▶ [What you have to do]
Word for word, copy the line that contains "Casa unifamiliar en Valdeavero" and each line after it in the data below. Pictures stay out of the copy.

▶ [Supplied information]
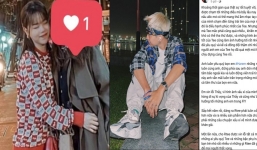 Học trò của Binz - R.Tee đăng đàn hối hận thừa nhận sai lầm hậu bị khui ảnh với bạn gái cũ Quang Hải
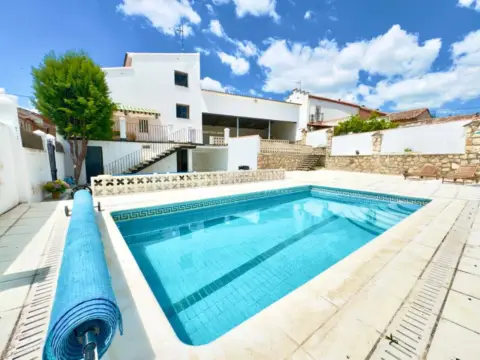 Casa unifamiliar en Valdeavero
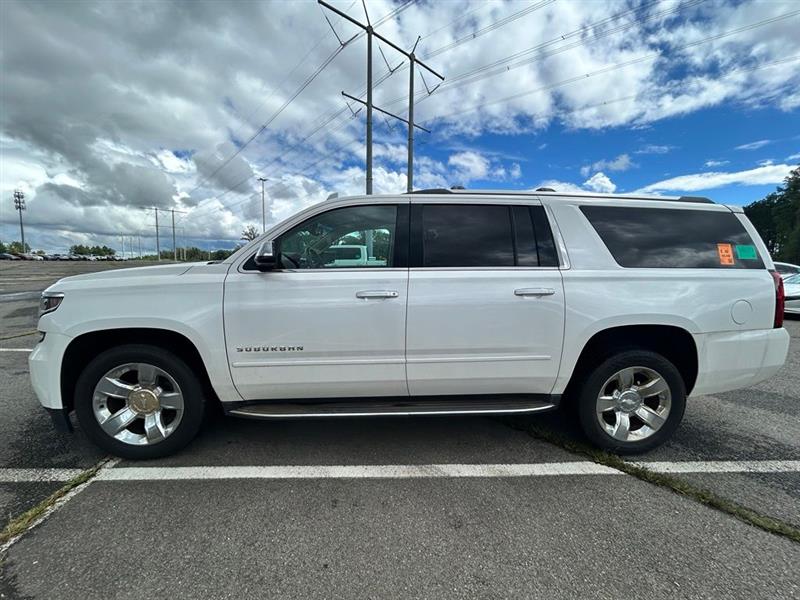 2017 CHEVROLET SUBURBAN PREMIER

▶ [Solution to the problem]
 Casa unifamiliar en Valdeavero
 2017 CHEVROLET SUBURBAN PREMIER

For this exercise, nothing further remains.